Images are to be excluded, and the rest of the data repeated exactly.

**Data extract**

....

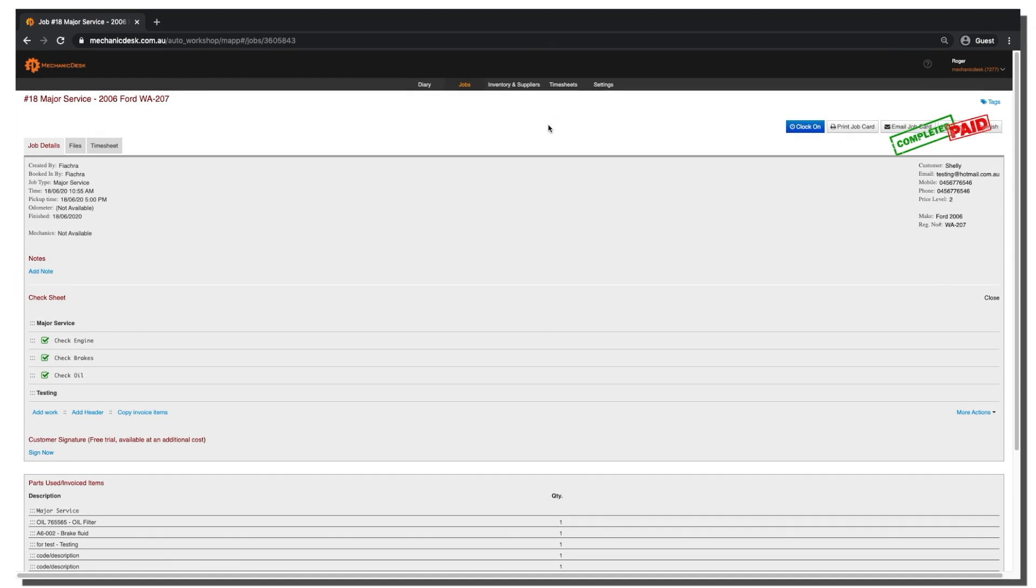There are multiple other restrictions you can enable outside of these roles. If you have any questions about these, please don't hesitate to contact the Mechanic Desk support team.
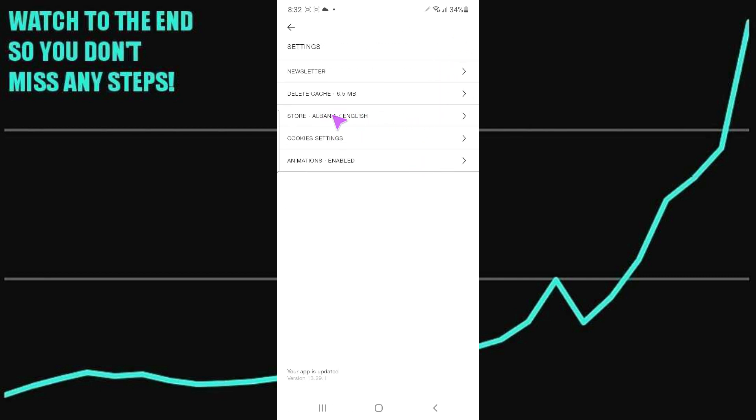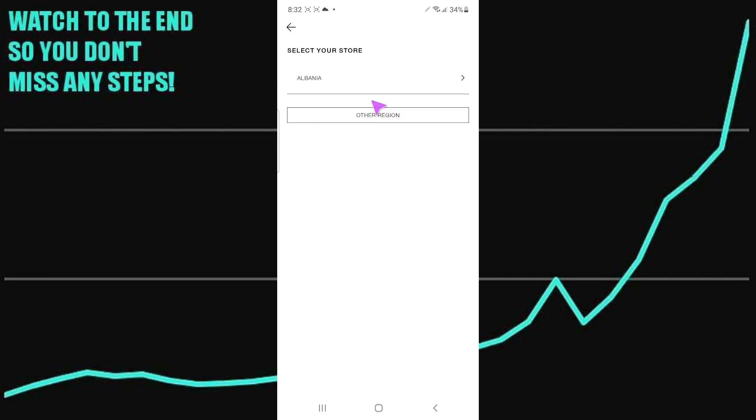Then you will see this option. You have to tap on this icon which should be underneath the store. You just have to tap on the store and you will be able to change the store.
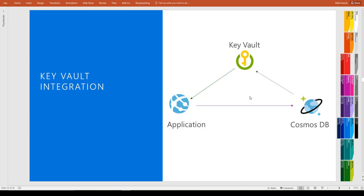In this screencast we will talk about how you can use Key Vault to store the master key and read key of Cosmos DB. Using the application at runtime, you can access the keys from the Key Vault and then access the Cosmos DB.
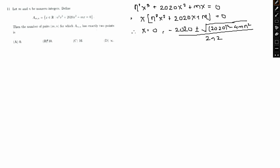Now, given that A(m,n) has exactly two points, what we need is the discriminant 2020² − 4·m·n² to equal zero, because the set has only two points.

....

**Response to the task**
There are multiple other restrictions you can enable outside of these roles. If you have any questions about these, please don't hesitate to contact the Mechanic Desk support team.
Then you will see this option. You have to tap on this icon which should be underneath the store. You just have to tap on the store and you will be able to change the store.
In this screencast we will talk about how you can use Key Vault to store the master key and read key of Cosmos DB. Using the application at runtime, you can access the keys from the Key Vault and then access the Cosmos DB.
Now, given that A(m,n) has exactly two points, what we need is the discriminant 2020² − 4·m·n² to equal zero, because the set has only two points.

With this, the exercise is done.